Unless otherwise specified herein, capitalized terms used in this Amendment shall have the meanings ascribed to them in the Amended Credit Agreement (as hereinafter defined) as amended hereby.
A. WHEREAS, the Borrower, the Lenders and the Administrative Agent are parties to that certain Credit Agreement dated as of August 2, 2022
(as amended, restated, supplemented or otherwise modified prior to the date hereof, the Existing Credit Agreement, and as amended by this Amendment, the Amended Credit Agreement);
B. WHEREAS, each Borrower has requested that the Lenders and the Administrative Agent agree to extend the Maturity Date and to make certain
other amendments to the Existing Credit Agreement; and
C. WHEREAS, subject to the terms and conditions set forth herein, the
Administrative Agent and the Lenders have agreed to extend the Maturity Date with respect to their Commitments and to amend the Existing Credit Agreement as set forth herein.
NOW, THEREFORE, for and in consideration of the premises and mutual agreements herein contained and for the purposes of setting forth the terms
and conditions of this Amendment and for other valuable consideration, the receipt and sufficiency of which are hereby acknowledged, the parties hereto, intending to be bound, hereby agree as follows:
1. Amendments to Existing Credit Agreement. Effective as of the First Amendment Effective Date but subject to the satisfaction of the
conditions precedent set forth in Section 2 below, the parties hereto agree that the Existing Credit Agreement is amended as follows:
(a) The definition of Maturity Date appearing in Section 1.01 of the Existing Credit Agreement is amended to
delete the reference to August 2, 2027 appearing therein and to replace such reference with August 2, 2028.
(b) Section 2.12(a) of the Existing Credit Agreement is amended and restated in its entirety as follows:
(a) Each Borrower agrees to pay to the Lender a commitment fee, which shall accrue at the Applicable Rate on the daily amount
of the Available Revolving Commitment of the Lender with respect to the Revolving Sublimit of such Borrower during the period from and including the Effective Date to but excluding the date on which the Lenders Commitment terminates.

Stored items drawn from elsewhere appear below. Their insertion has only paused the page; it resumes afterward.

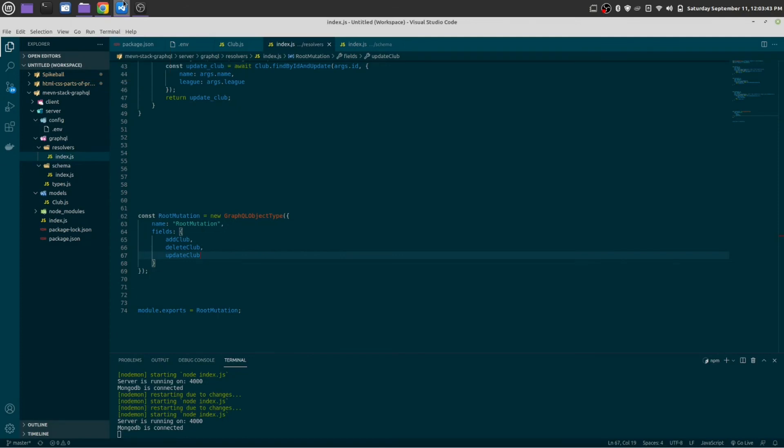Perfect, that's how our code operation is done. The next part we are going to learn about how to connect this GraphQL API server with our frontend. We are going to use Vue.js for that, but we already made our API using GraphQL.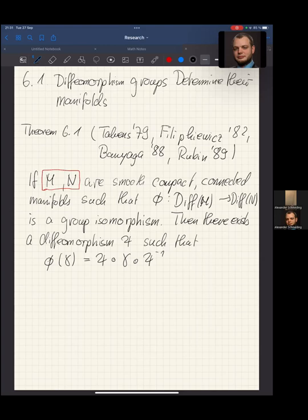On one hand, you can go from the finite dimensional realm and build these infinite dimensional manifolds, which are useful in applications as we've seen in previous chapters. But also, conversely, they uniquely determine the objects from which they were built.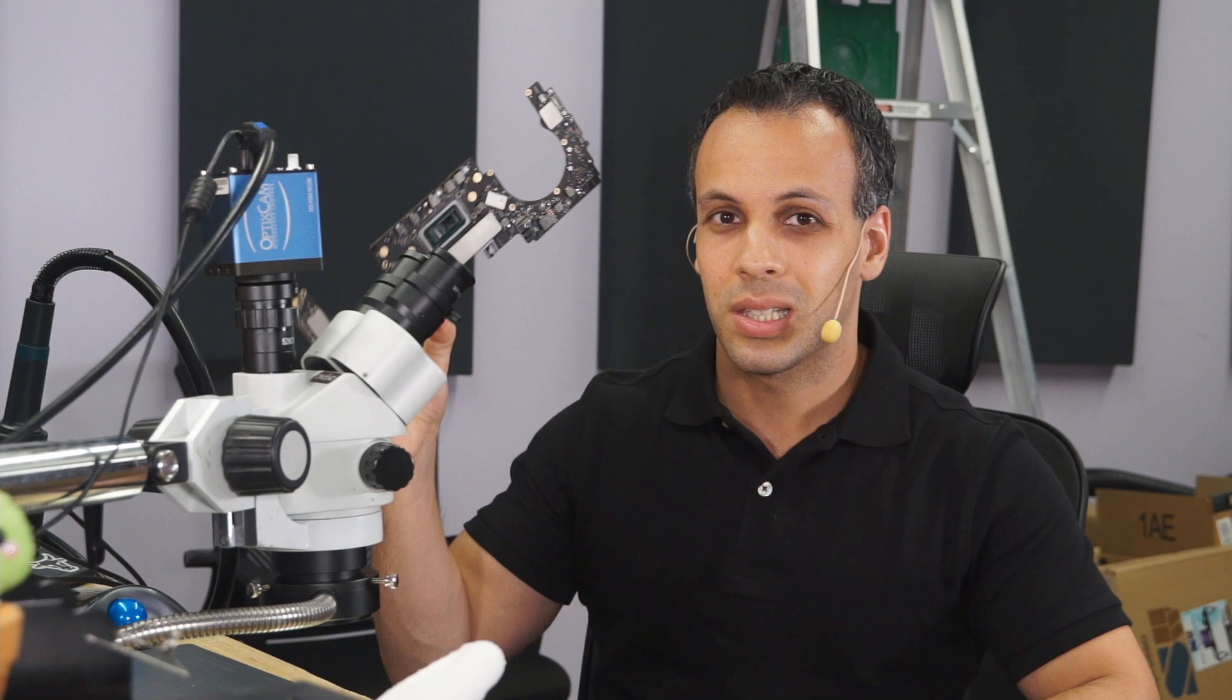This is a $2,000 MacBook Pro laptop. This is the motherboard that goes into the machine. It's like the brain, and this is the most expensive part in the computer. This is $1,500.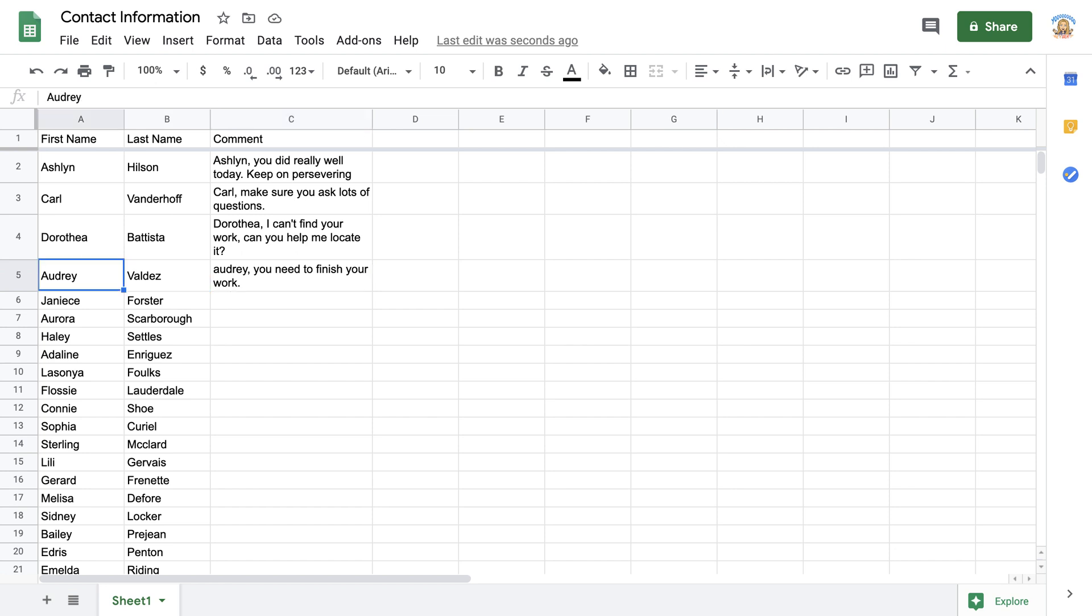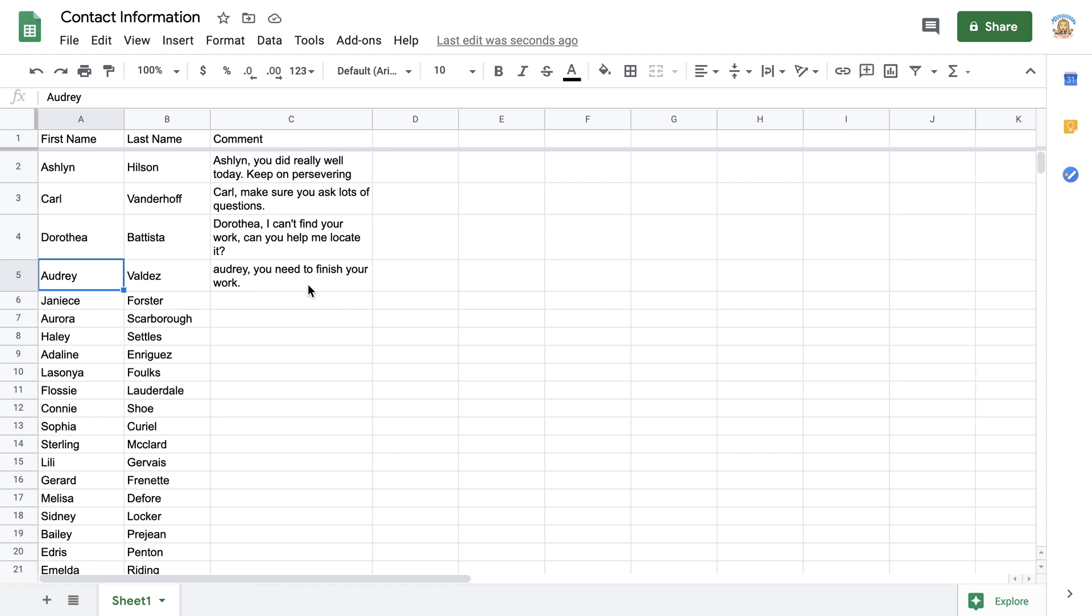When you select a cell and you start typing, it eats or ingests what is in the cell and starts over. Control-Z is one of your best friends when editing in a spreadsheet. If you want to edit the text instead of replace the text,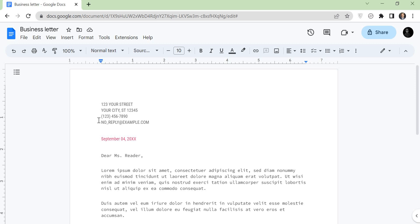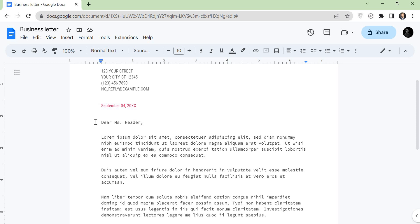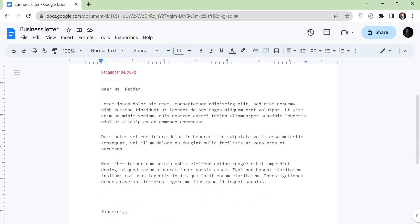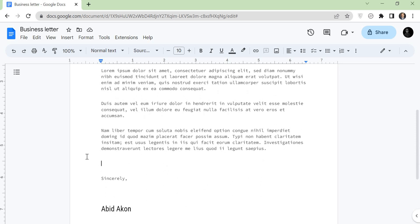Hello everyone. Today, I will show you how to draw a line and signature line in Google Docs. So, let's go. First, open Google Docs. Put the cursor where you want to add the line.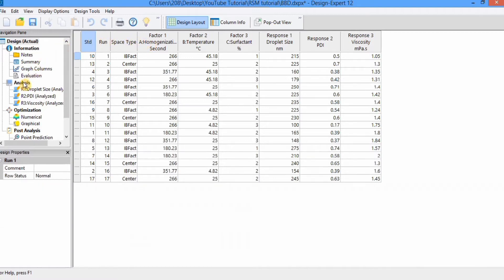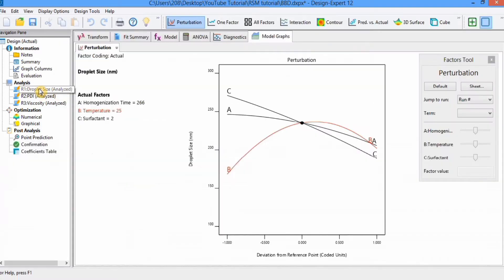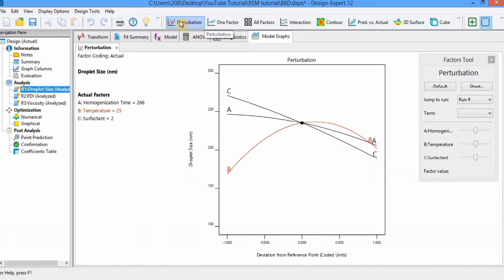In the analysis section you can select any response for which you want to generate a graph. For example, I want to generate a graph for droplet size, so I will select this one. Here you can see different tabs. Click on model graph and different graph options appear: perturbation, one factor, all factor, interaction, contour, 3D, and cubic.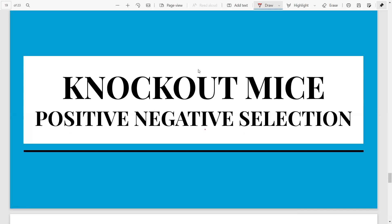Hey, welcome to another video. Today we will be adding another video to our techniques in biology playlist. These videos are dedicated specially to your competitive exams like the CSIR, NET, and GATE. Mostly we have tried to discuss the Part C questions here. So if you want more such videos please definitely subscribe to my channel, and if you need me to explain any other topics do let me know in the comments.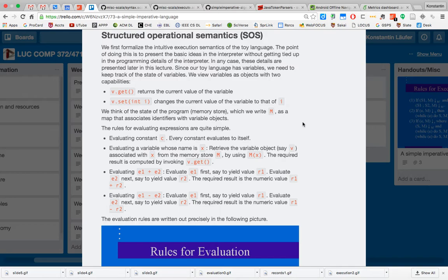The new elements are variables and statements. Statements are interesting because of the side effects they have on variables. A variable is a way of expressing named mutable state: it holds one value at a certain point during execution and might hold another value later. Variables can be viewed as objects with two capabilities: get — looking at the current value — and set — replacing the current value with a new one.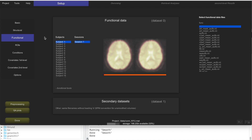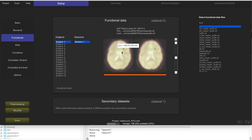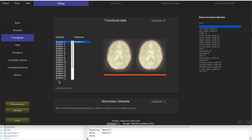Now we're going to look at the results of these preprocessing steps, just make sure that everything looks fine, and how to evaluate that, and then we're going to move on to denoising. This is the functional data — it looks a little bit blurry, because it has been spatially smoothed.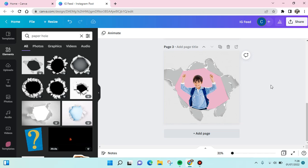So that's it for me. That is how you can add or create a ripped paper hole in your design in Canva. I hope this video is helpful to you. Don't forget to click like, leave a comment, and also subscribe to our channel. See you guys in the next video. Bye-bye!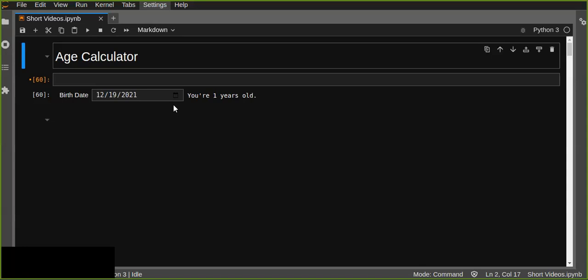Hello guys, welcome. This is my first video in 2023. In this video I just want to show you how you can create a simple age calculator on Jupyter Notebook using IPyWidgets.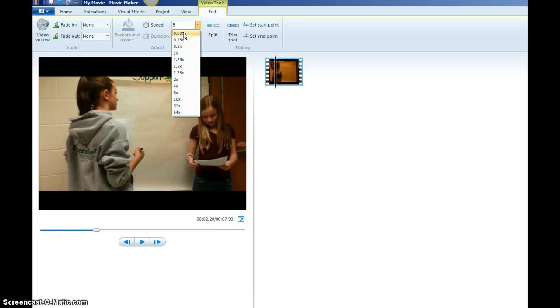For some videos we went as slow as 3, which was pretty slow, and for some videos it had a lot of drawing. We had to up it all the way to 7 or 8.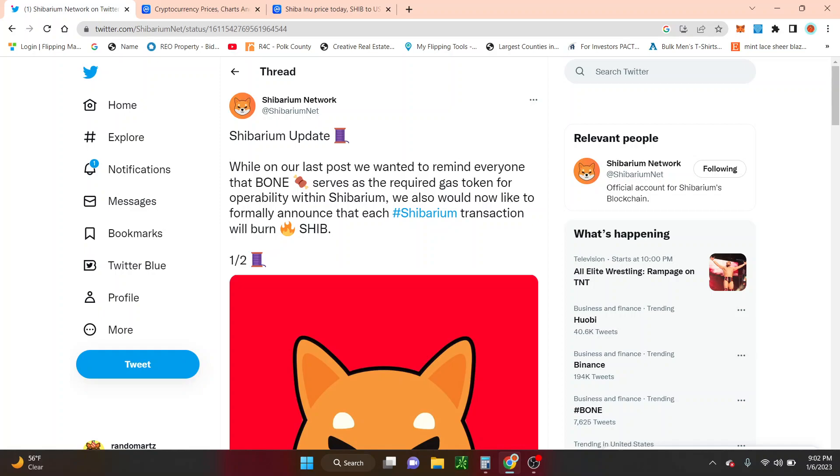Guys, this is massive. It is massive due to the fact that Shibarium, once everything actually gets operating and tokens start using Shibarium as their pairing token, kind of like how you see with ETH.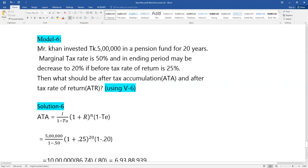Model six. Mr. Khan invested 5 lakh in a pension fund.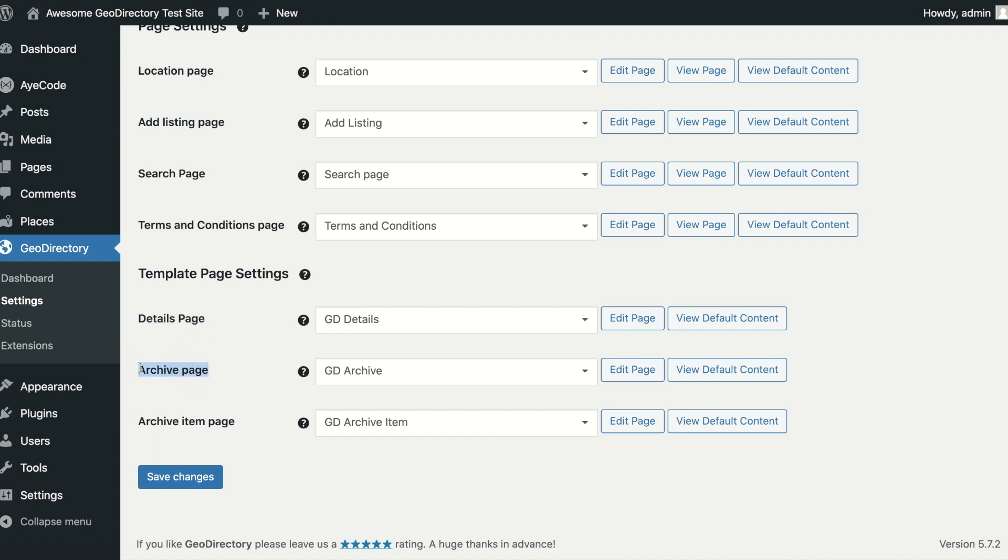Archive Page: this controls the output of category and tag pages. When building this page, to show the listings, you must use the GD Loop block, and not the GD Listings block.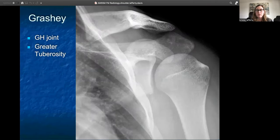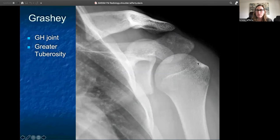Moving on to your Grashey film, this is the best film to really look at that glenohumeral joint, and your greater tuberosity, since it's a bit of an internally rotated humeral view. You can see the whole area of your glenoid and humerus and really take a peek at that joint.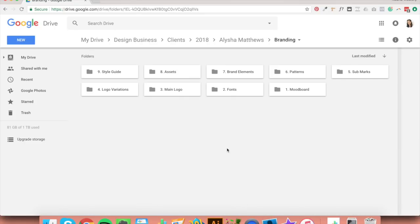Inside the branding folder, create folders for each step in your brand design process. I've got folders for: mood board, fonts, main logo, logo variations, sub marks, patterns, brand elements, assets, and style guide. Notice I've put a number next to each of them — this helps to keep these folders in order all the time. Number your folders in whatever order your process goes in, as it may be different from mine.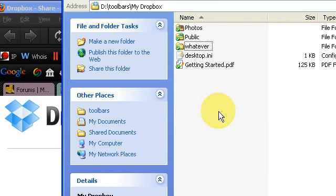Dropbox happens automatically in the background. To make things even better, it has some limited version control, so if somebody makes a change that you don't like, it's very easy to revert to a previous version of a document that you were sharing.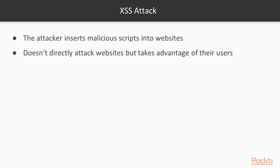In XSS attacks, attackers insert malicious scripts into websites. In the previous section, we learned that SQL injection attacks insert malicious SQL queries. In XSS attacks, attackers insert malicious JavaScript into websites. It doesn't directly attack websites but takes advantage of their users.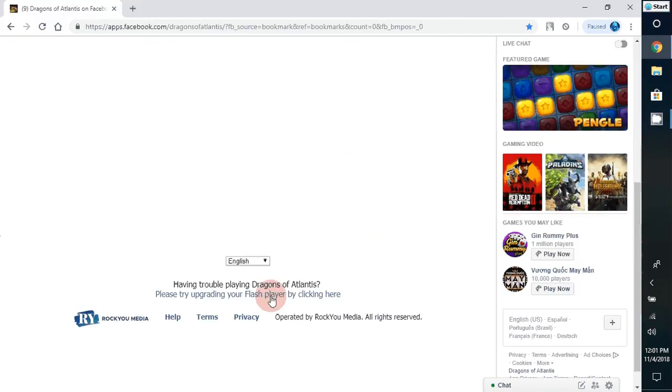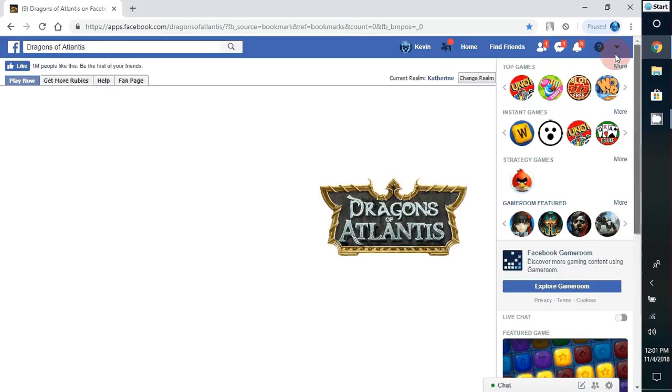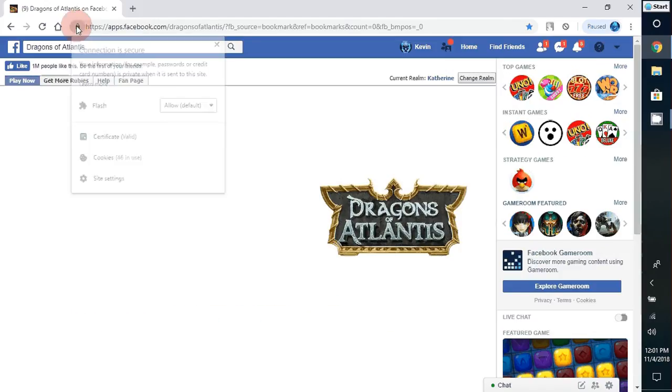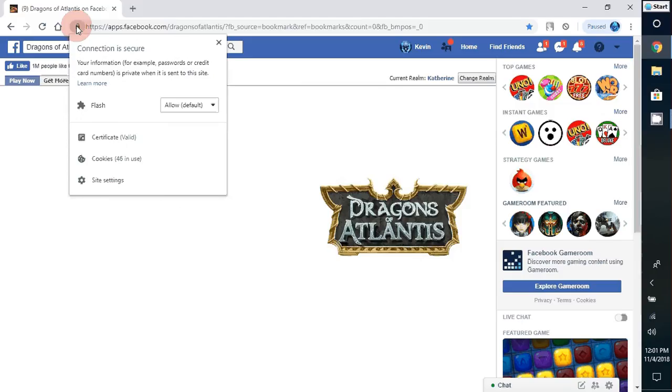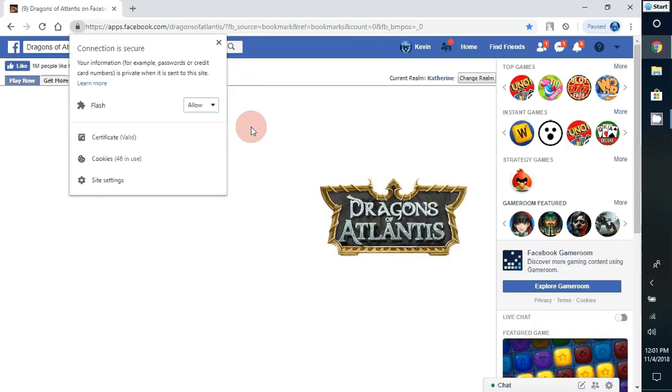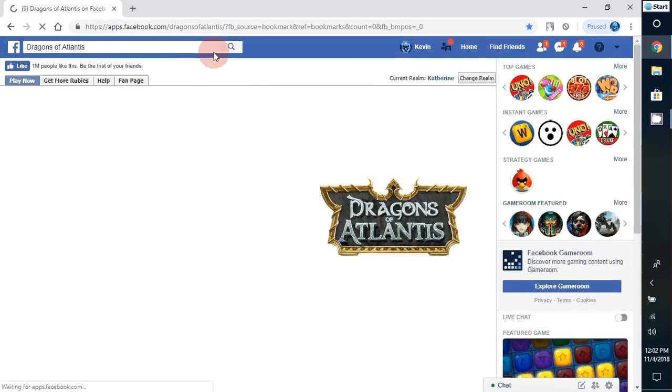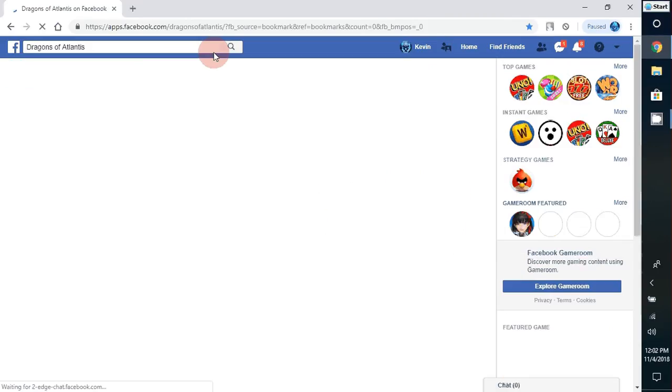You can click here, but the easiest way and fastest way is just to click on the padlock here, and it'll say ask or default. Just click on allow, click off of it, and then reload your page, and then your game should be working.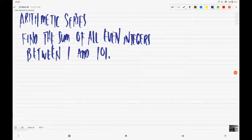Welcome back. Still in arithmetic series, we have another problem: find the sum of all even integers between 1 and 101.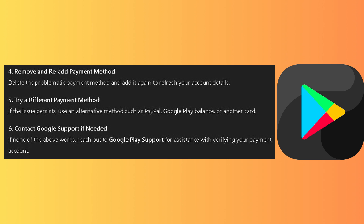Now you know how to fix Google Play error code OR-HDT-16. Thanks for watching — don't forget to like and subscribe.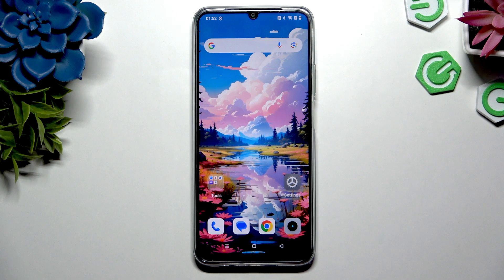In front of me is the Realme C63, and today I would like to show you how you can open apps in split screen view.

Commitment fees accrued through and including the last day of March, June, September and December of each year shall be payable in arrears on the fifteenth day following such last day and on the date on which the Commitments terminate, commencing on
the first such date to occur after the date hereof. All commitment fees shall be computed on the basis of a year of 360 days and shall be payable for the actual number of days elapsed (including the first day but excluding the last day).